The assault on Richard Spencer turns out to be a watershed moment for the Trump opposition. The response from the mainstream has gone all the way from tepid, qualified disapproval to enthusiastic cheering. Then cultural figures joined in, most notably when an Emmy Awards audience applauded an award-winner's visceral call for more.
It isn't as if the violence had only just begun with the election of Trump. Organized intimidation of Trump supporters became big with its successful shutting down of a rally in Chicago and escalated to outright violence when a Trump rally in San Jose was attacked:
Isolated assaults on Trump supporters were already becoming normal, but going mostly unreported because it was mostly isolated incidents of minority assaults on whites, something the Press doesn't report as standard practice already (they should just put it explicitly in the social justice style book at this point). It also couldn't be spun through the Narrate-o-Matic as "violence breaking out at Trump rally" which, remarkably (or not so remarkably) some did with the obviously organized and one-sided attack on Trump supporters in San Jose.
But also it's still that black and brown people don't really register to a media elite dominated by Jews and Wasps still insistent on seeing the world as a battle between goodwhites and badwhites, with minorities as bit players unhindered by moral agency or responsibility.
The San Jose violence and Chicago intimidation was organized by the usual
shadowy suspects, but that organization seems to have not been intended to go beyond busing the mostly black and brown thugs to the targeted venues and encouraging them to provoke Trump supporters in the hopes of producing plausible optics attesting to their inherent violence. Trump supporters actually proved stubbornly resistant to it; thus ever greater provocations, backfiring in San Jose. The Elite doesn't understand their lynch mob: California's Mexicans are among the least political and most racially territorial people alive; as a group are probably one of the few more alien to and misread by our oblivious Elite than the Trump supporters they fear in increasingly lurid fantasies.

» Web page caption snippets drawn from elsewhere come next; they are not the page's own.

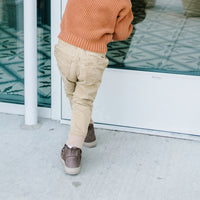 Double Velcro Napa Boot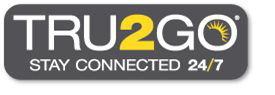 Tru2Go Logo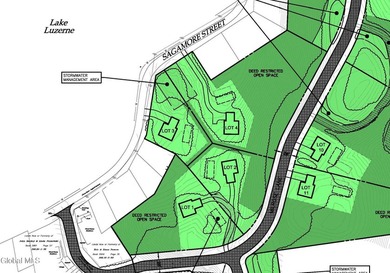 Lake Lot For Sale in Lake Luzerne, New York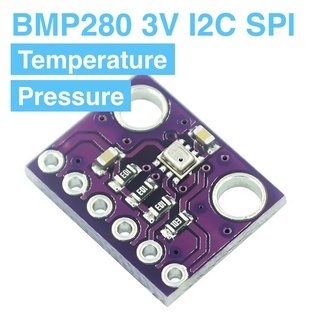 BMP280 3V I2C SPI Temperature Pressure Sensor Module พร้อมส่ง คลังสินค้าในไทย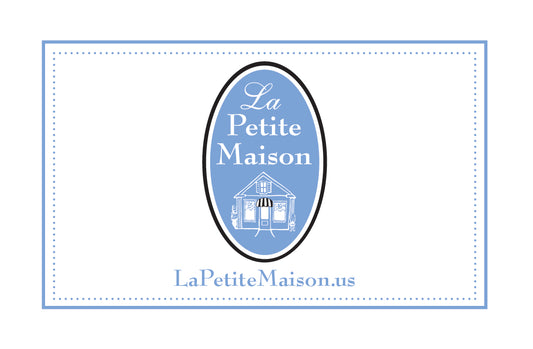 La Petite Maison Gift Card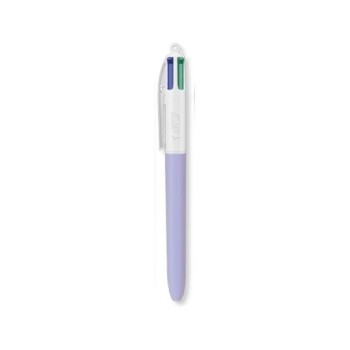 Penna Bic 4 Colori Sweet | Cloclorinda.it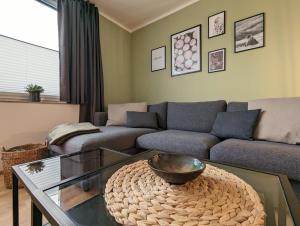 Posezení v ubytování Pool - Sauna - 150m Skilift - Bikepark - Zentrum - Loft Lorenz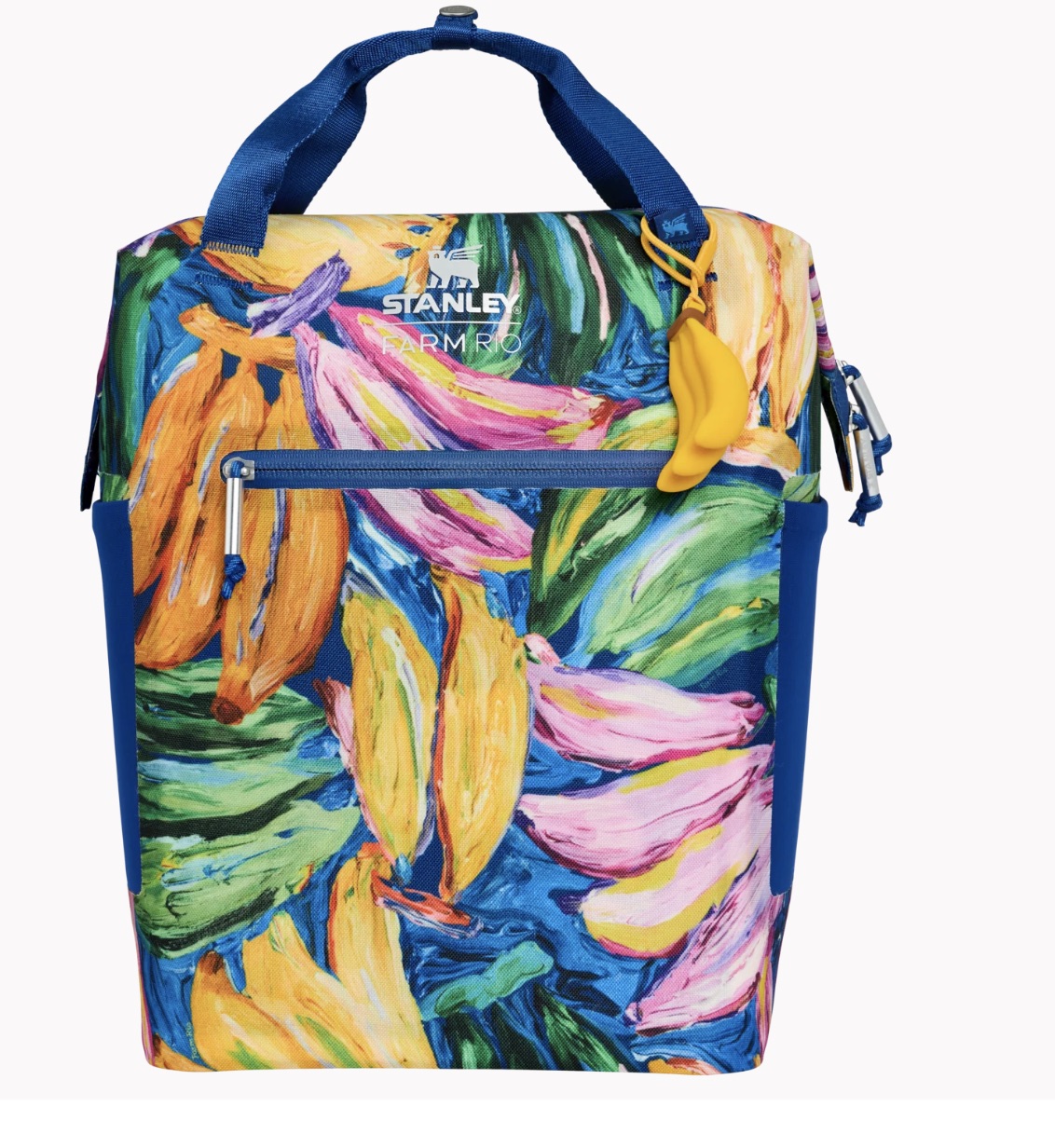 Madeleine Mini Cooler Backpack Discover The Stanley 1913 x FARM Rio Collaboration, Blending Iconic Hydration With bold Brazilian-inspired style. Find Your New Favorite Tumbler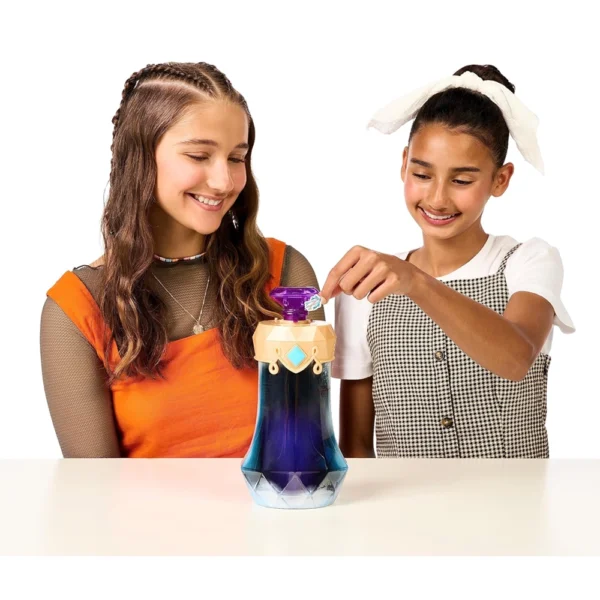 Magic Mixies Pixlings. Marena The Mermaid Pixling, Gifts for Ages 5+Kids, - Image 5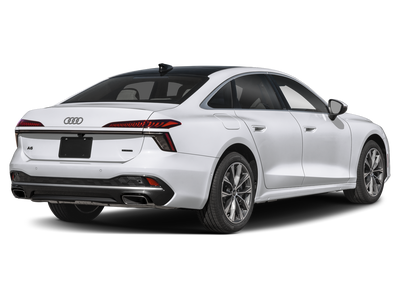 2026 Audi A6 Sedan Prestige quattro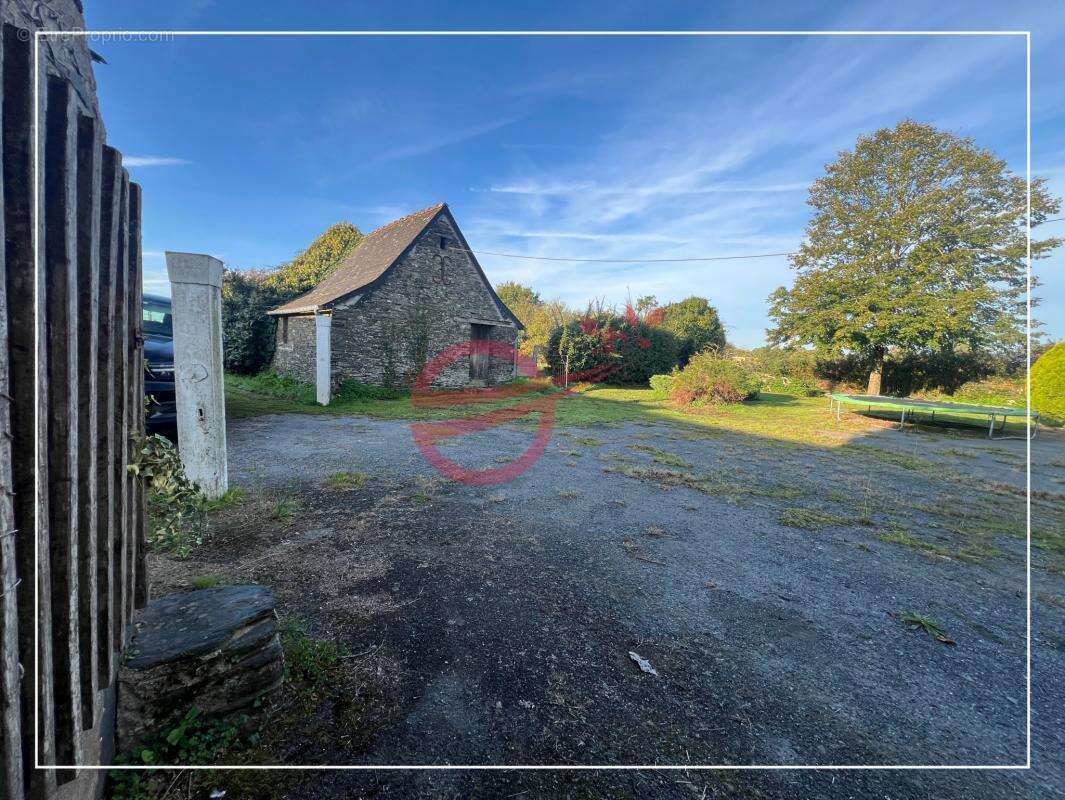 Maison à MOISDON-LA-RIVIERE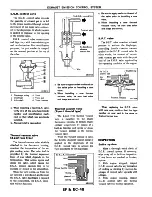 Предварительный просмотр 136 страницы Datsun 200SX Service Manual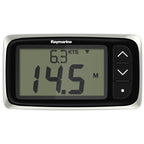 Raymarine i40 Bidata Display System with thru-hull depth and speed transducers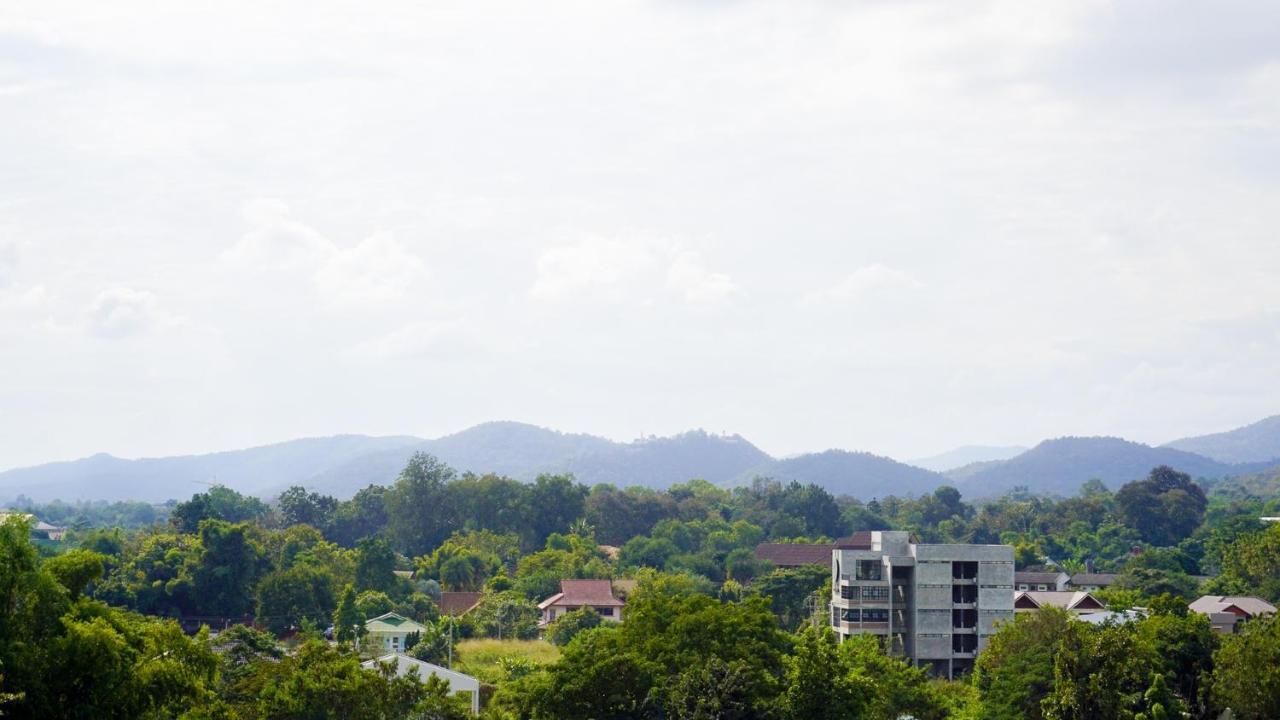 The Star Hill Condo Luxury Suites 清邁 外观 照片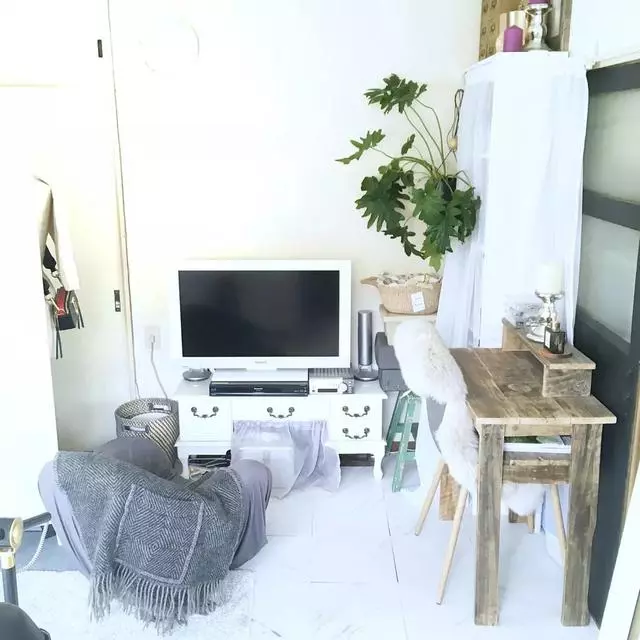 日本的小戶型蝸居,充分利用空間,太厲害了!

It may be that the Chicago campaign, limited to intimidation and the threat of violence and creating the impression Trump was weak and losing was viewed as a success, while San Jose, where Trump supporters were assaulted for the world to see, was the mob getting beyond organizers' control. Still, with no real repercussions (if you don't count losing the election, but there's no evidence they're even capable of making the connection) for it, they continue even now to press on and escalate. If there's any centrality to the organized political intimidation, anyone at the helm, it was probably decided it would be better to avoid another San Jose by not busing about large groups of angry Mexicans before election day.
But the political violence that followed in Berkeley after the crowd at the Emmys applauded Richard Spencer's assault is of a different order and type. With black bloc types showing up things haven't just escalated; they've assume a new character.
Now the rioters themselves, while probably still directed, ultimately, and certainly funded by the same shadowy forces, are self-organized and disciplined. And these groups are overwhelmingly young white men, ironically evoking a trope of the alt-right: when whites are provoked to "chimp out" it can go as far as the Holocaust. And our desperate elites still haven't "provoked the Saxon" until he comes to see his elimination is their ultimate goal.
These disaffected young men are the very products of the globalization they've been pressed into obliviously defending. Their continuing allegiance in the chaos they are being manipulated into creating is by no means a given. Unlike the minority mobs and the atomized social justice head cases, they pride themselves on their independence and agency. The aspire to more. Our Elite is wielding a flame thrower they think is a fire extinguisher.